王は常に男性として想定されており、「皇太子」に該当する、王位継承者を意味する肩書を持つのも王子たちだった。これは、古代エジプト世界において女性の権利が他の古代世界より広く認められていることや、女性が権力を持つことと矛盾しない。権力は持ってもいいが、「王」という位は、装備品、美術様式、肩書など含め、基本的に男性しか想定されていないのだ。

たとえば王の役割として、「外敵を打ち倒す」というものがある。壁画でメイスを握って敵を打ち倒す姿で描かれているものは各時代の王たちに定番のポーズであり、実際に儀式としても行っていた可能性があるが、それを女性がやったらどうなるだろう。真似事は出来るかもしれなないが、力強さのアピールとしては男性より弱く、呪術的な意味合いも薄れてしまうのではないだろうか。

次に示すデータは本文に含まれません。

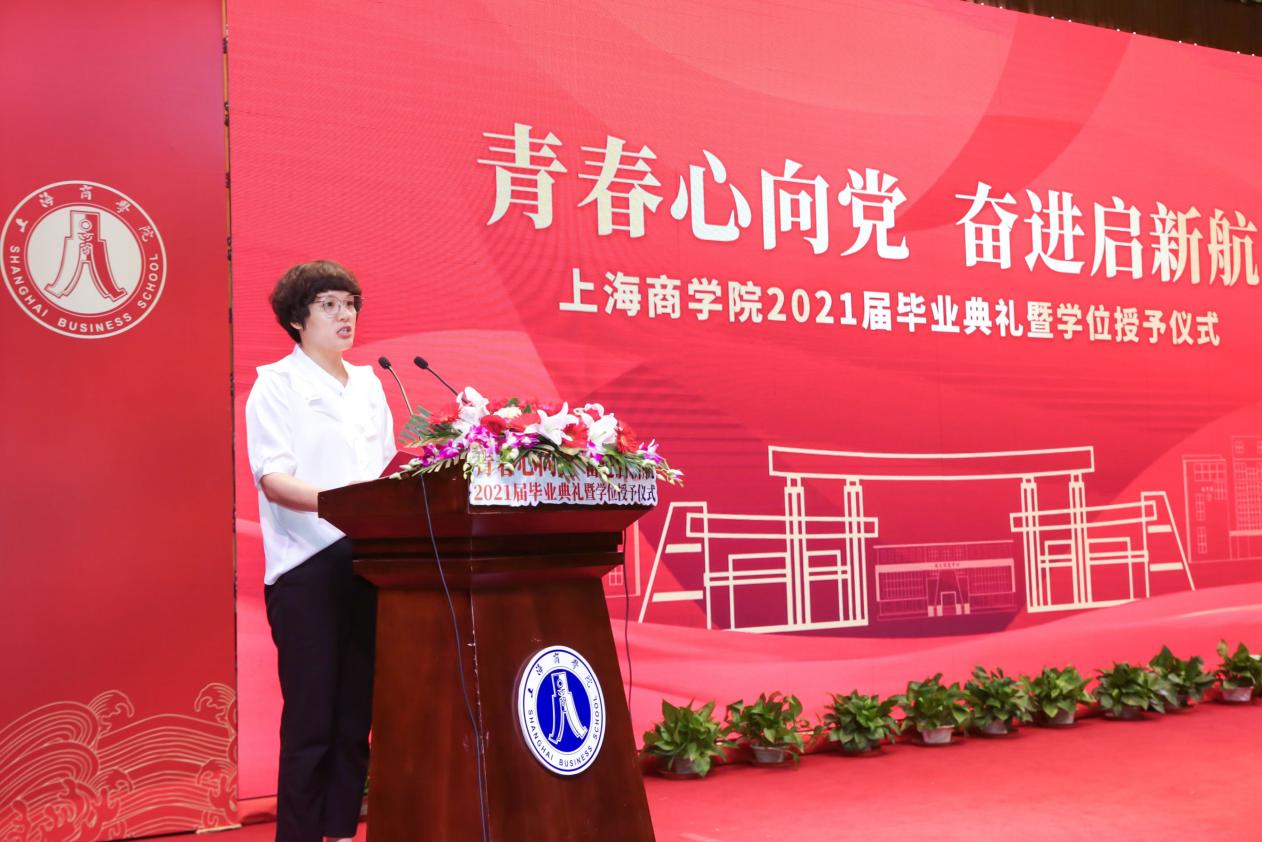 图为家长代表发言 图为家长代表发言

古代エジプトの「王」は、神職でもある。男性でなければ出来ない/不十分になってしまう、という儀式もある。そもそも王の称号にある「ラーの息子」が使えなくなり、太陽神の「息子」ではなくなってしまうし、王がアメン神(男性神)やオシリス神(男性神)と合一することも出来なくなる。
なので、もし女性が「王」になる場合には、もうひとり男性の王を立てて必要な儀式をそちらにやってもらい形式的な「王」を名乗るか、そうでなければ、壁画の上だけでも男になる必要があった。

古代エジプト人の大事にした世界観、秩序だった世の中のあり方は「マアト」という一言で表現される。
真実、真理、秩序、正義といった概念をひっくるめた言葉である。ハトシェプストは、太陽神の息子である男性の王が国を守護する、という「マアト」に従うためには、建前上は男性のフリをする必要があったのだと思われる。

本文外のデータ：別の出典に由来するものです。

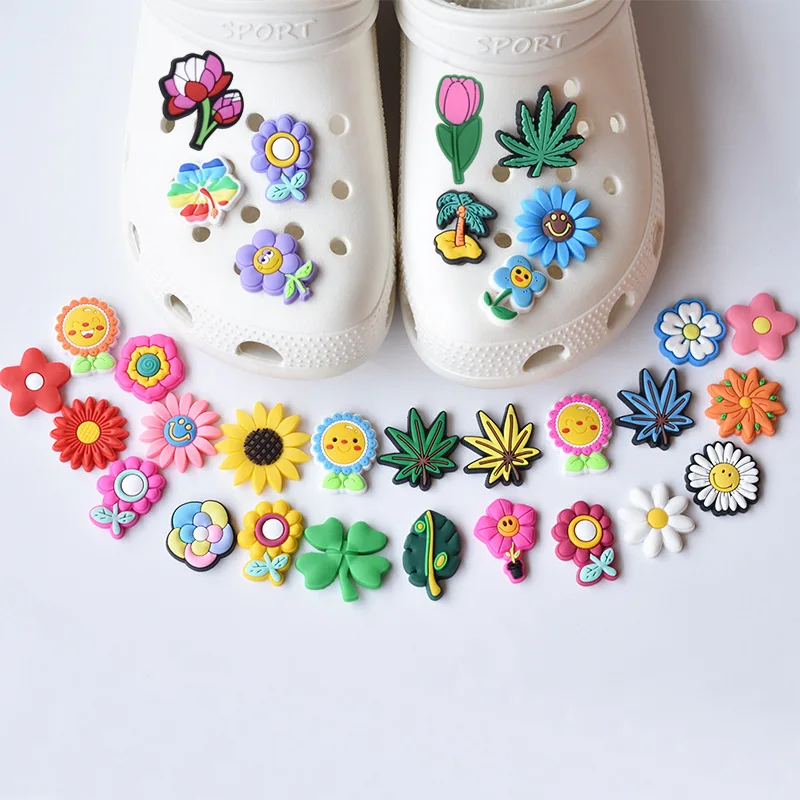 

2021 Custom hot selling pvc rubber cartoon flower plant clogs shoes charm, As picture/custom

というわけで、繰り返しとなるが、彼女がなりたかったのは「男」ではなく「王」だった。
別にトランス的なアレだったわけではないと思う。もしそうなら全部の壁画は男性になっていただろうし、女性の愛人や后くらいいてもよかった。そうではなく、建築家センエンムトとの不倫の噂を流されるくらいだったのだから、性自認は普通に女性だろう。

なんか色々と変な思想に巻き込まれがちな彼女だが、創作物はともかく、せめて歴史上の人物としては時代背景に即した解釈をしてあげないと失礼じゃない? と思う次第である。